His head hurt. It felt dense and heavy. She climbed onto the bed and he stretched out beside her in his street clothes. “Turn over,” he said.
“What?” She sounded frightened.
She lay on her stomach expectantly. “Keep quiet,” he said, opening his pants. “Don’t say a word.”
They woke a few hours later. There was a little blood on the sheet. She had cried. She lay on her side, turned away from him, remote. That was all right with him, he didn’t want to look at her now anyway. He could hear people in the adjacent rooms getting up, starting the day. A man with a deep, guttural laugh. Toilets flushing, water running through the pipes. The shades were drawn and the room was dark, nearly black, save for the stripe of bright light that was the slit in the curtains. Outside beyond the awful room there was a whole world.

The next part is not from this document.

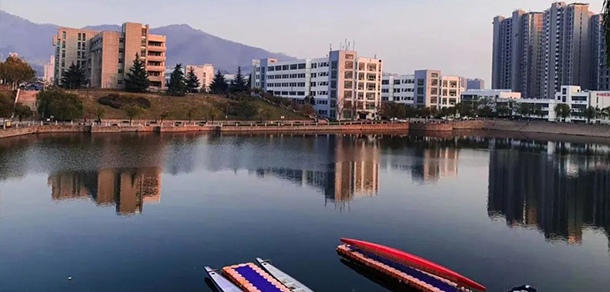 青島大學 - 最美大學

Ida sat up, pulling the sheet around her. Her hair was mussed an
d her eye makeup had run. In a kind of personal fury, she started getting dressed, pulling on her shirt, her little skirt, her boots.
“You were right,” she said. “You’re not who I thought you were.” She shook her head and looked at him fiercely. “I thought you were somebody else.”
Then she walked to the door and went out.
For some reason he called Marion. The phone rang and rang. His wife wasn’t picking up. He tried to imagine what she might be doing. They’d been married for nine years. It seemed to him that he should be able to figure out where she was, but his mind came up empty. It came to him that he was completely alone. You think you know someone, and then you realize that you’ve just supplied your own convincing version of them—eventually reality takes over and you realize that the person you’ve made your life with is a complete stranger.
10
After he’d taken the car he’d driven around in the rain for a while, looking for a place to buy a gun. The rain was a comforting distraction and he was glad for it. The pawn shop was behind a Chinese restaurant on a side street off the Sunset Strip. It was a tiny place, a little larger than a phone booth or a coffin, depending on your mood, and the man behind the counter was an ex-marine. He showed Denny one or two pistols he wasn’t interested in, and then when Denny told him he’d just come back from Iraq he took out the Glock 17, a 9-millimeter semiautomatic handgun. It was the same gun the Iraqi police officers used, a sweet little weapon—the man would not say where he’d gotten it. It was light, ready to fire once you loaded the clip. He counted out his money. After he bought the gun he ate in the Chinese place, watching the chorus of sweaty cooks, the wild hiss of the woks, the shimmer of passing cars.
Having the gun made all the difference.
After that he’d called Daisy on that number she’d given him, but she didn’t answer. Something in his gut told him he needed her; he didn’t think he could go on without her. To pass some time, he drove down to the public library and went in to wait out the rain. In an empty corner, he fell asleep for a while, until one of the old librarians shook him awake and said it was time to go. It was nighttime when he stepped outside, and it was still raining.